Which direction does data move between Microsoft Dynamics GP and Anaplan?
Both directions. Posted GL entries, account balances, and cost-center dimensions move from GP into Anaplan through import actions to refresh the planning model, and approved budget or forecast figures move from Anaplan back into GP as unposted journal entry batches through export actions. The figures return unposted in an open fiscal period so a person reviews and posts them, which keeps the GP ledger authoritative.
How does the integration work when Dynamics GP is on-premises with no cloud API?
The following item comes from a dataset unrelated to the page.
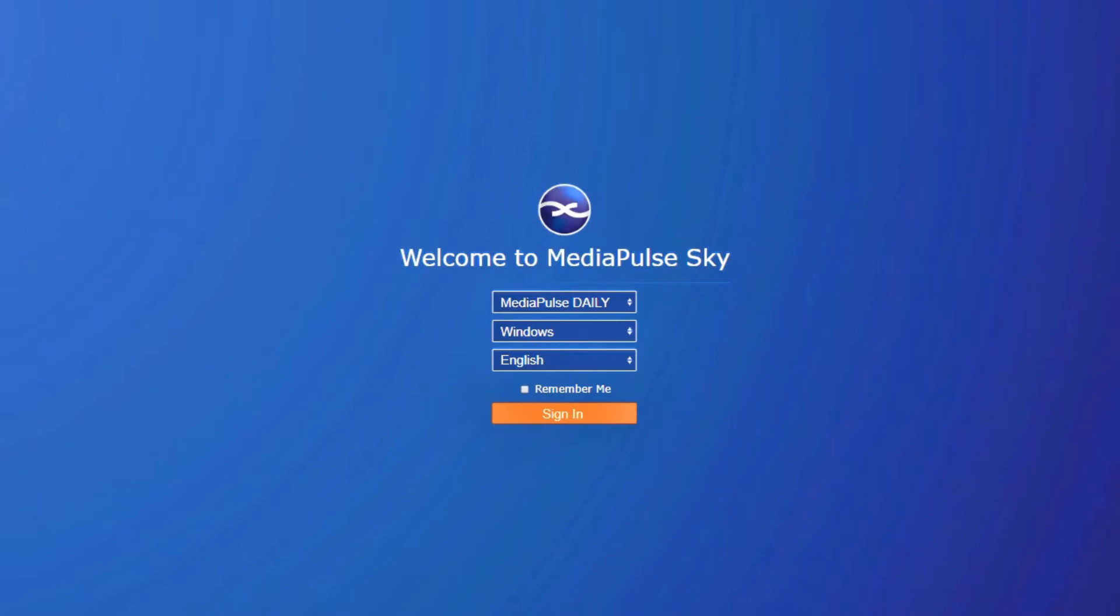Hello and welcome to a demonstration of MediaPulse. In the next few minutes we will go over the different ways to create and edit bookings within the schedule book module in your MediaPulse.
Microsoft Dynamics GP has no hosted endpoint, so the customer exposes their own server, usually the Service Based Architecture REST API or the SOAP Web Services through their firewall, or via a local agent inside the network. ml-connector authenticates with a Windows domain account over Kerberos or NTLM, since GP has no OAuth or API keys, and addresses the company by its SQL Server database name. It bridges that Windows login to the Anaplan token so the two systems can exchange data.
Does either system push data, or does ml-connector poll?
Neither system pushes events, so ml-connector polls both. GP has no webhooks, so it reads new and changed records incrementally on ModifiedDate where that field exists and by batch or status where it does not. Anaplan also has no webhooks and its bulk import and export tasks are asynchronous and lock the model, so the connector starts each task with a POST, polls the taskId until it reports complete, then runs the next one on a schedule tied to your close calendar.